- Born: October 1979 (age 46) Laval, Quebec, Canada
- Occupation: Drug trafficker and supplier
- Convictions: Drug trafficking and smuggling
- Criminal penalty: 27 years' imprisonment

= Jimmy Cournoyer =

Canadian convicted drug trafficker

Jimmy Cournoyer (born October 1979), sometimes called the Pot Playboy or the King of Pot, is a convicted Canadian drug trafficker and prior to being arrested, the biggest supplier of marijuana to New York and the U.S. East Coast. He was known for his lavish lifestyle, which included dating a lingerie model and partying.

Originally from Laval, Quebec, Cournoyer was first arrested in 1998 with a few marijuana plants in his Laval apartment. Over several spells in prison, Cournoyer built up a criminal network that grew into a multibillion-dollar international drug trafficking empire that involved the Hells Angels, the Sinaloa Cartel, Native American smugglers, and the Rizzuto and Bonanno crime families. The DEA got a lead on his organization after information provided by a disgruntled girlfriend led to the arrest of Cournoyer and Bonanno associate John Venizelos in 2012.
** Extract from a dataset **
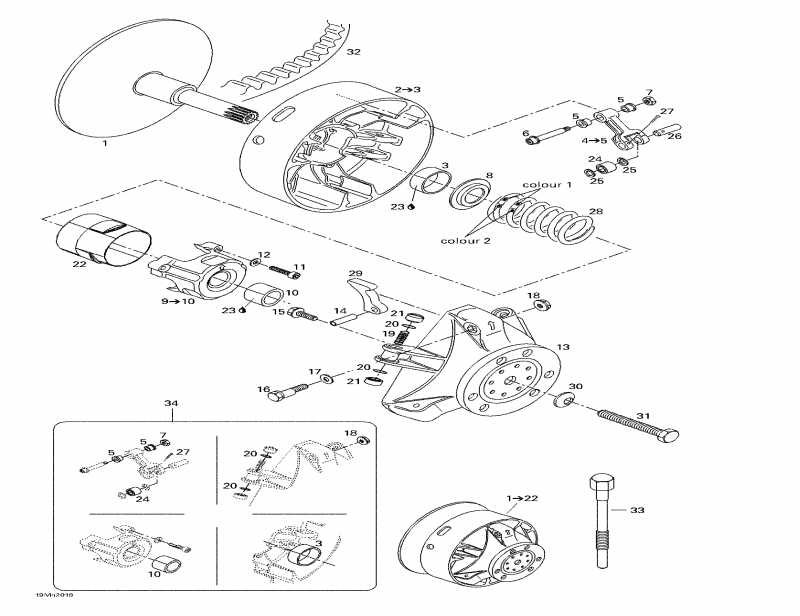  Ski-doo MX Z 500, 2000  - Drive Pulley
In 2012, Cournoyer was arrested as he tried to enter Mexico. In May 2013, Cournoyer pleaded guilty to two charges: money laundering and conspiracies to manufacture and distribute cocaine and marijuana. He was sentenced to 27 years' imprisonment. His friend and former UFC champion Georges St-Pierre wrote a letter asking the judge for clemency. St-Pierre would later apologize to his fans, calling his signing of the letter a 'mistake'.